La gestuelle et la manière d’aborder l’image tiennent compte de l’ensemble du corps, et à l’inverse d’un peintre qui travaille parfois sur de très grands formats, même si l’illustrateur travaille dans un format différent du format d’impression, en général la taille n’excède pas le format de sa table de travail. Tout le corps n’est pas en activité, comme dans le cas d’un peintre, dont certains mouvements concernent l’ensemble du corps.
Dessiner, c’est prendre en compte l’image que l’on a de soi. Lorsqu’il dessine, l’illustrateur mime souvent inconsciemment les personnages qu’il dessine. Le dessin est compris de l’intérieur, avec les muscles. Ce n’est pas uniquement une activité intellectuelle, le corps irrigue tout le dessin. Je conseille à mes élèves dans certains cas, de mettre en scène par le théâtre ou le mime ce qu’ils veulent représenter. Par exemple, on ne dessine pas un arbre de l’extérieur, par le contour, mais on essaie de comprendre la façon dont la sève monte dans l’écorce, comment elle se distribue dans les branches, comment l’arbre se déploie… Pour exprimer un mouvement, il faut imaginer ce mouvement dans son corps par l’image de ses muscles.
Le côté physique se voit d’autant plus qu’une mode de la matière existe actuellement chez les illustrateurs (on peut repérer les coups de pinceaux, les giclées de peinture…).
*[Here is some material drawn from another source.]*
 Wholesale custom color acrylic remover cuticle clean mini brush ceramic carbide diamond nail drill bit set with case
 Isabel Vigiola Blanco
Le changement, la transformation, l’exagération sont des éléments très importants dans la composition de l’illustration. Même lorsque l’image est réaliste ou documentaire, l’illustrateur n’exprime jamais la réalité, mais une réalité « re-digérée ». Pour exprimer des sentiments ou des mouvements, il va exagérer certaines choses, accuser par exemple les ombres et les lumières, les gestes, la longueur d’un membre…
Ces techniques, très classiques, ne sont pourtant pas toujours complètement conscientes, mais l’illustrateur sent qu’il faut aller un peu plus loin. Ces déformations et ces excès se constatent dès la peinture du Moyen-Âge, pour montrer la caractéristique d’un personnage dont on exagère les traits.
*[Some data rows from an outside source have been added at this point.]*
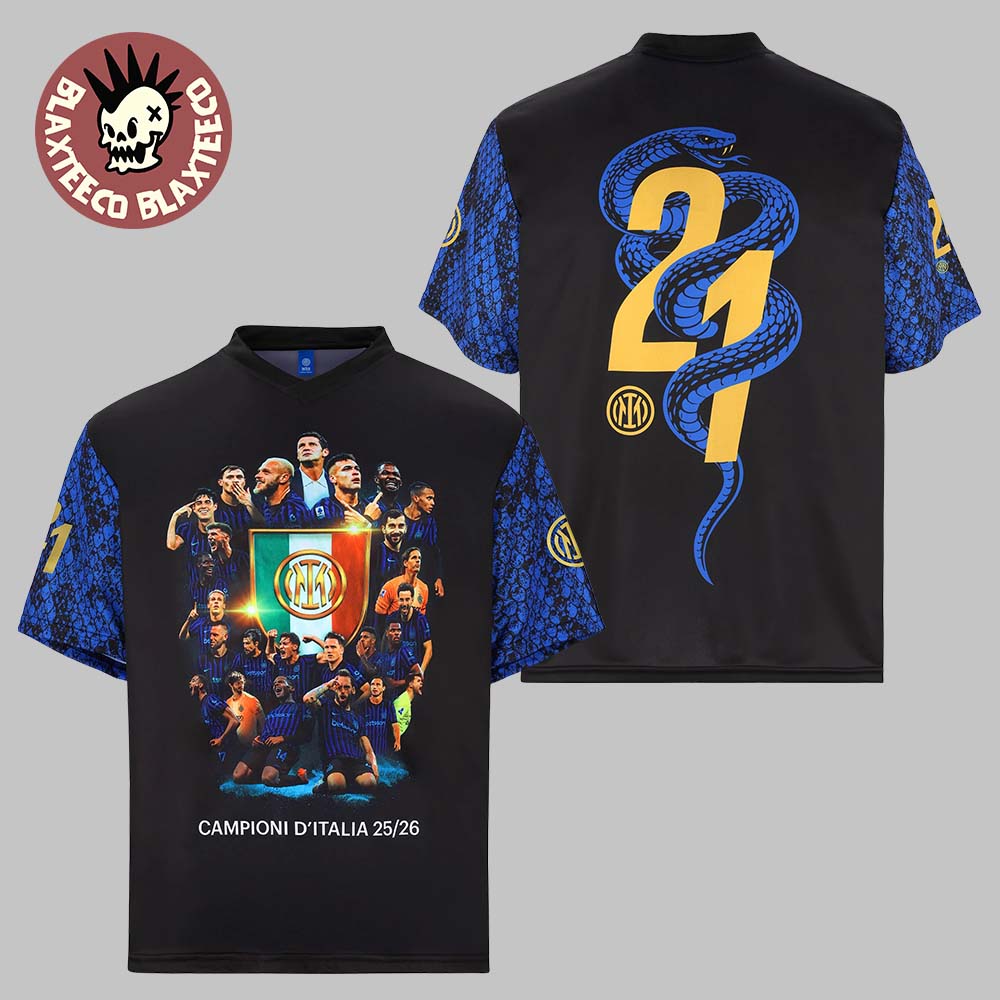 Inter Milan Campioni DItalia Stagione 2025 2026 Serie A Champions 21th Scudetto Blue Snake T-Shirt - T-Shirt, Sweatshirt, Hoodie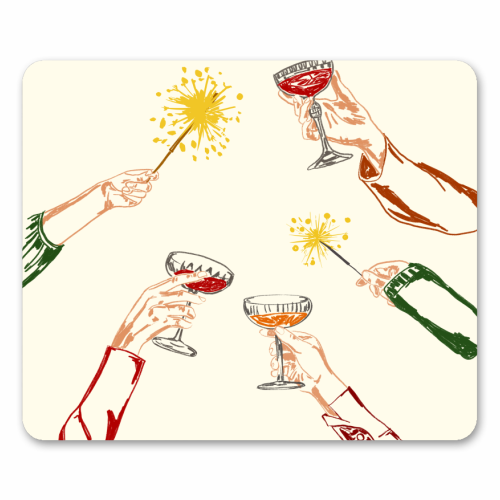 Vintage Holidays Cocktail Cheers Illustration - mouse mat by EZbie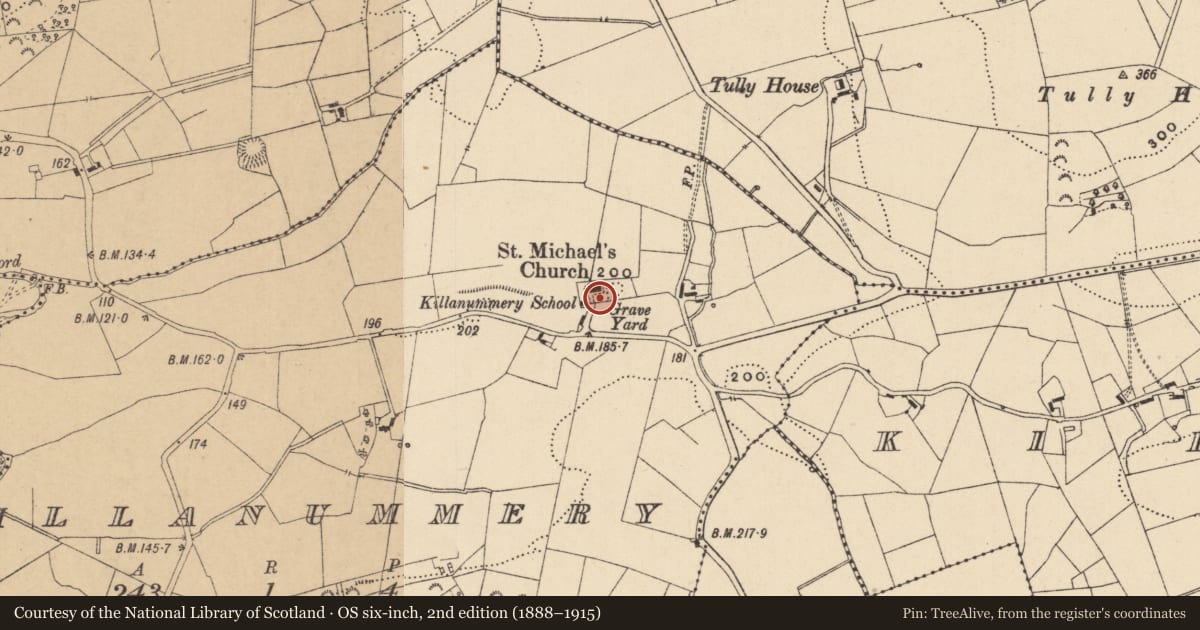 Ordnance Survey six-inch map, 2nd edition (1888–1915) covering the location of Church, Killanummery, County Leitrim, with a pin at the register's coordinates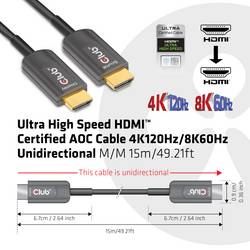 club3D HDMI kabel USB-C ® zástrčka 15 m černá CAC-1377 AOC (aktivní optický kabel) HDMI kabel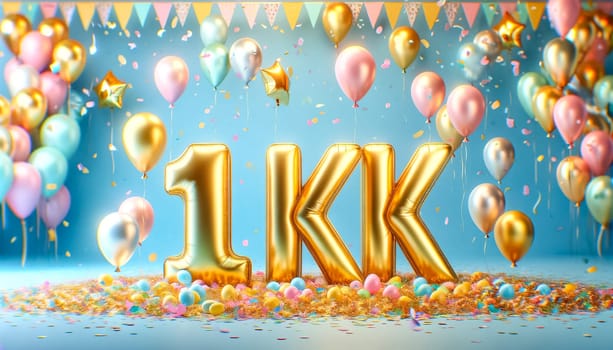 This lively celebration scene features large golden balloons spelling "1K" surrounded by colorful confetti and pastel balloons. A shallow focus effect blurs the background, with out-of-focus confetti floating in the air, enhancing the festive atmosphere.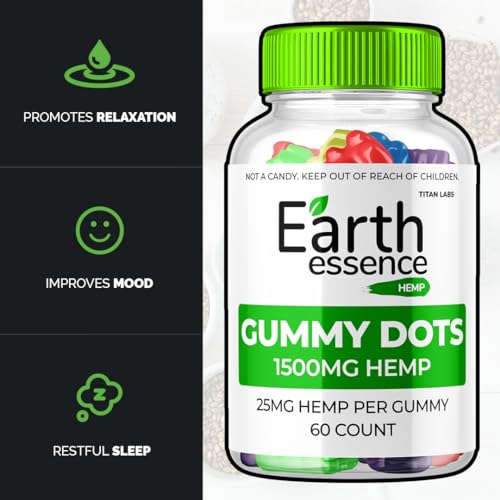 (2 Pack) Earth Essence Gummies, Earth Essence Gummy Dots, Earth Essence Hemp Gummies Supplement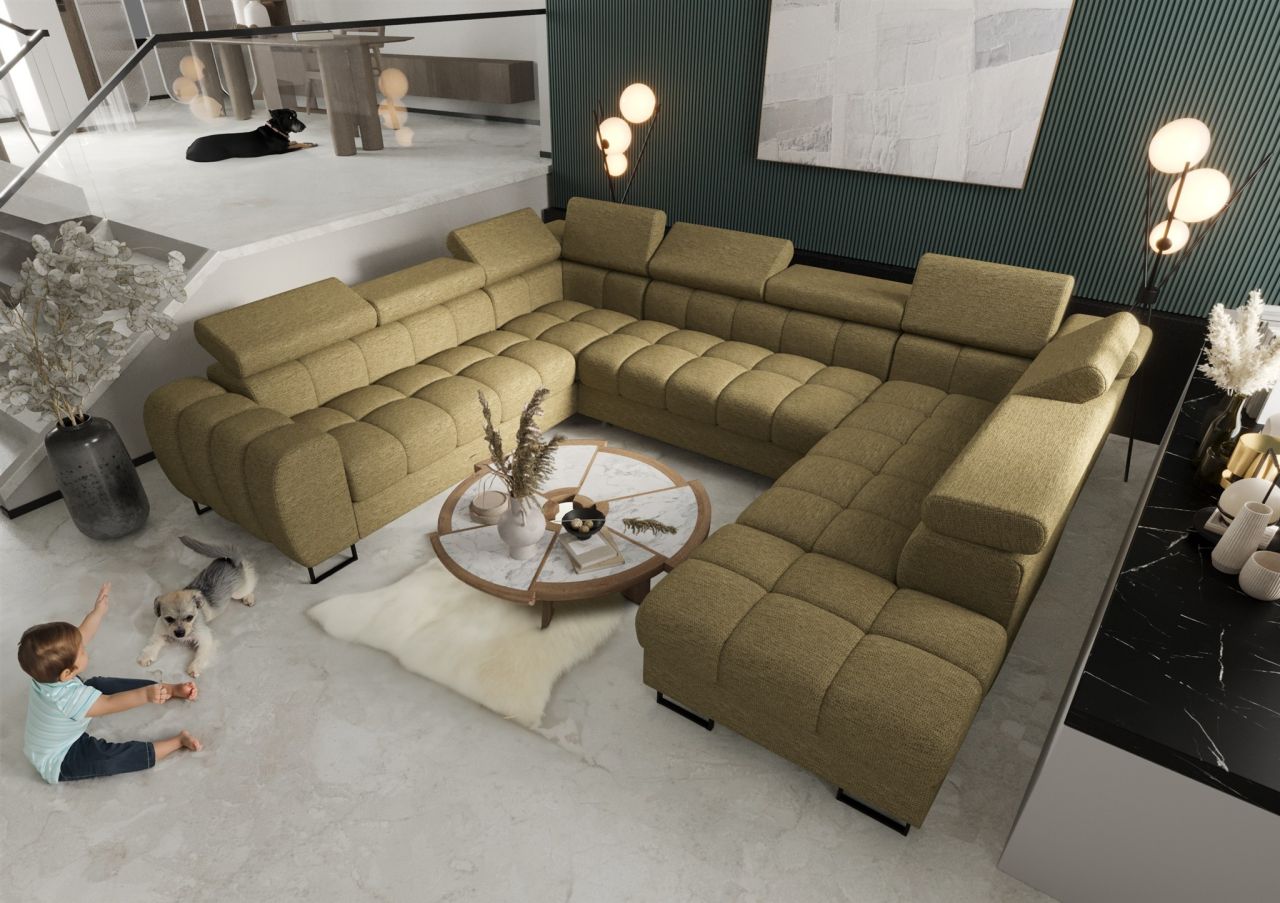 Wohnlandschaft Schlafsofa BASTIEN XL in Stoff Aragon Olivgrün Ottomane Rechts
Les contraintes de l’illustrateur
Les contraintes sont souvent imposées, et très fortes : un nombre de pages, un rythme, la charte de la collection et de ses critères. Certains mariages entre écrivain et illustrateur surprennent parfois. Quand l’association est réussie, des couples peuvent se former, même si c’est assez rare (Fred Bernard et François Roca). Souvent, l’illustrateur ne connaît pas l’auteur du texte. À la suite des rencontres, des amitiés peuvent se nouer. Des inimitiés également, lorsque l’auteur est déçu de la façon dont l’illustrateur s’est approprié le texte. Pourtant, si l’auteur accepte d’être illustré, une fois le texte donné à l’éditeur, il devient public et ce n’est plus lui le maître d’œuvre. Il existe aussi des éditeurs qui sont également auteurs et qui choissent leur illustrateur, sans passer par l’intermédiaire d’un directeur artistique (François David – Motus). Souvent, la vision esthétique de l’auteur est une vision littéraire ; mais un directeur artistique peut faire basculer cette vision vers autre chose. Un texte tranquille, un peu mièvre, peut acquérir du tonus grâce à une illustration violente. D’une manière générale, un livre illustré est conçu dans son ensemble, même si le texte est premier.
Les contraintes de l’imprimerie font que les originaux sont toujours plus lumineux que les impressions. On ne parvient jamais en quadrichromie à obtenir un noir parfait. Celui-ci vient donc essentiellement pour renforcer les ombres, souligner le trait.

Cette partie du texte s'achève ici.